Objective truths remain in all of those areas, society, economy, social,
politics, ecology but they're the kind of truths which are not especially
helpful. There's these cyclical patterns, emergent phenomenons.

One day the model will be Fedualism, another Liberalism, another day
Communism, another day another -ism, but what is really going on? So maybe
some of the time some people are wrong, but more often the new -ism is saying
"incomplete model" and if your society decreases in complexity it may even
start to say something like "reduce model", deregulate, even promote anarchy.

The most appropriate model is that of a Garden. You may grow blackberry plants
or oak trees, but you can't really think of "how do I optimize it all" because
bluntly you're not that intelligent and nobody is that intelligent. Instead
you get weeds, experiments, patterns of growth, environmental conditions,
incentives, bad weather - all those joys. In one way you may read scientific
literature on optimizing particulars - but I wouldn't say that's what
Gardeners really do unless their only goal is to produce spuds - and even then
any farmer will update you on just how much of that is outside their control.
It's like that with Society but we're in a worse devil of a position.

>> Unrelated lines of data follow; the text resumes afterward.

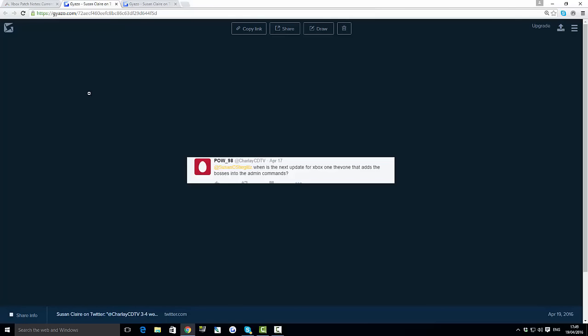That adds in the bosses to the admin commands. So as you know we've already got the brood mother, so this means that this could be like the dragon, the dodo rex, or the giant gorilla. Because if he said the new boss I would be thinking maybe the giant gorilla, but because he says bosses it makes me think that maybe this could be all of them.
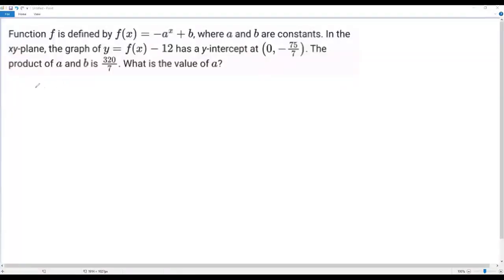Here we have a SAT math question. Function f is defined by f of x equals negative a to the x to the power positive b, where a and b are constants. In the xy plane, the graph of y equals f of x minus 12 has a y-intercept at 0, negative 75 over 7. The product of a and b is 320 over 7. What is the value of a?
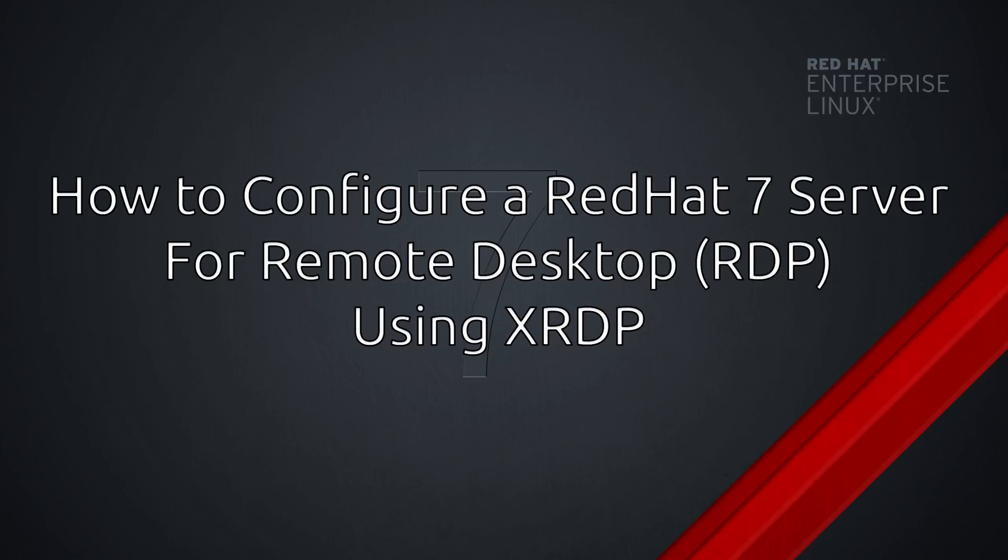Hello everybody. In my last video I went over the steps for installing a desktop GUI on RedHat 7. In this video I will show you how to access that server over RDP using XRDP.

Talk
about legacy code, yikes.

tldr; You're maybe not looking for "the truth" as wondering "how do you get a
benevolent gardener" and still deal with the slugs :-).

------
LyndsySimon
> “A whole lot of us go through life assuming that we are basically right,
> basically all the time, about basically everything: about our political and
> intellectual convictions, our religious and moral beliefs, our assessment of
> other people, our memories, our grasp of facts. As absurd as it sounds when
> we stop to think about it, our steady state seems to be one of unconsciously
> assuming that we are very close to omniscient.” > > Why do we feel this way?

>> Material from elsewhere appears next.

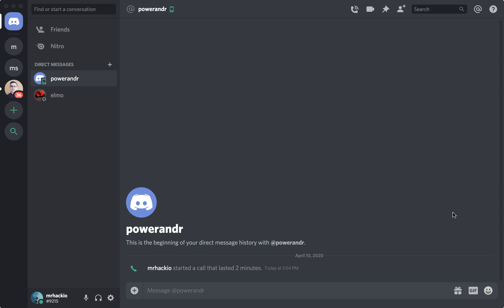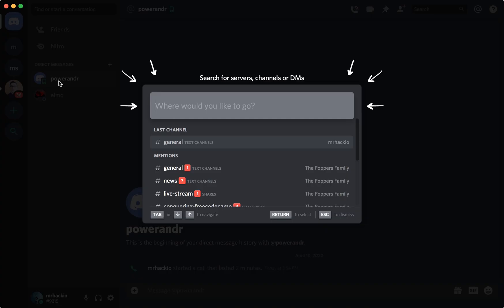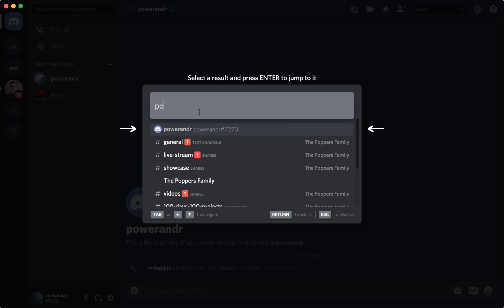Hello everyone. So how to start a video call on Discord. Here's the Discord app. Just go to your home screen and you can find your friends here. After you found your friend, let's just type in here and here I can see my friend.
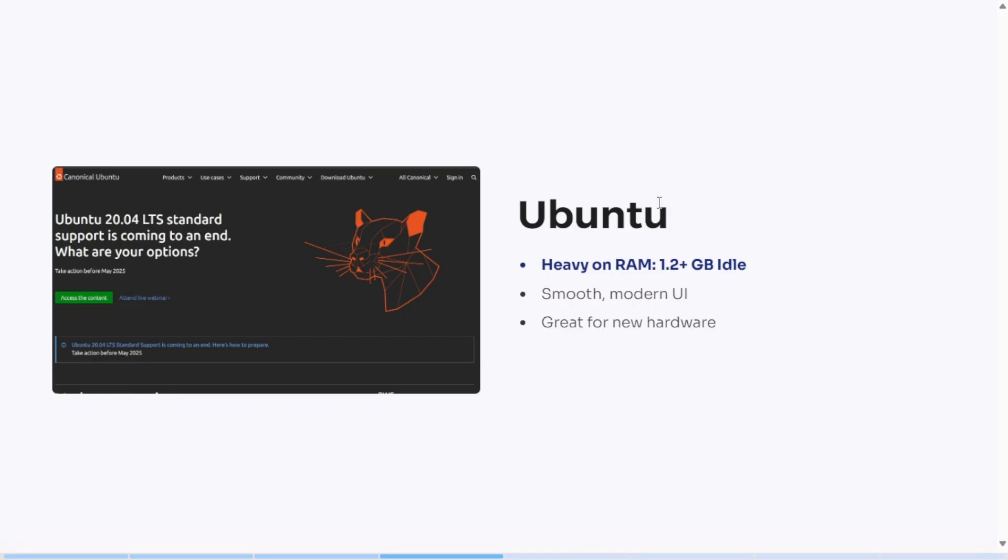Standard Ubuntu, which uses the GNOME desktop, can use over 1.2 gigabytes of RAM idle. That's heavy for minimal tasks.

I feel this way because I've spent the last 34 years of my life gathering
evidence, forming the views that I hold, and testing them against alternative
interpretation.

I don't think it's unreasonable for an adult to believe that their well-
considered views are correct, barring strong evidence to the contrary.

I do my best to have "strong views that are weakly held". Yes, I'm confident
that I'm correct in most things, but I'm very interested in hearing someone
tell me I'm wrong and why, and I am open to changing my views if confronted
with strong evidence of their incorrectness. Honestly, it's rare that this
happens, but it _does_ happen.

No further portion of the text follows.